Yeah he is here but I can't let him know I am until he has like 30 min worth of drinks. so when he see me he isn't like "omg ew,NO!"
I have so much to learn from you, wise slut
Almost peed between 2 cars...till I realized that it's daytime and I'm sober.
It's a special occasion. Hence the 151.
Drunk enough that you donated $50 to taco bell, because they serve a great purpose.
I told him i turn boys gay hoping that would scare him off. Finally i found a way to take advantage of my disability.
Fuckin wine wasted last night. Found my pants in the toilet this morning.

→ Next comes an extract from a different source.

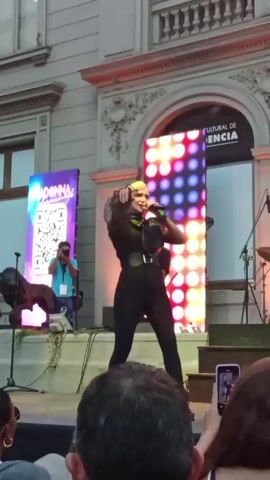 A female performer in a black jumpsuit with sheer sleeves sings into a microphone and dances on an outdoor stage with a band behind her. The backdrop features a bright light display and banners with the word “MADONNA” and QR codes. The audience films and watches, some clapping. A cameraman stands to the side. The stage is set against an old, light-colored building with decorative architectural details.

I can't. Currently naked covered in Nair trying desperately to catch his cat that rubbed up on my leg.
I hate that cat.
I'LL COME GET YOU. GOTTA FIND A SUIT THAT COVERS TIT BRUISES FIRST.
I'm sorry that throwing up fish and Jamaican Rum in the back of your dad's car ruined our friendship
I'm tripping pretty hard right now but every time a Volvo drives by I feel like everything is gonna be alright
I'm gonna write a book. Almost Awesome: all the times I ALMOST got laid.
I'm pretty sure the guy on the dance floor with crutches just smacked me in the butt with one. Do you think he's flirting?
THERE ARE NO EMOJIS TO SHOW MY SEXUAL FRUSTRATION
Just to let you know we went to the circus yesterday...in case you didn't remember
so I just realized.. of my 70k student loan debt, most of it went toward bar tabs, eightballs, and sweet-ass ties to wear to gamedays and other people's weddings. I think about shit like this while I'm at my mid-level management position. you know. "working."
Look upon your future, America, and despair.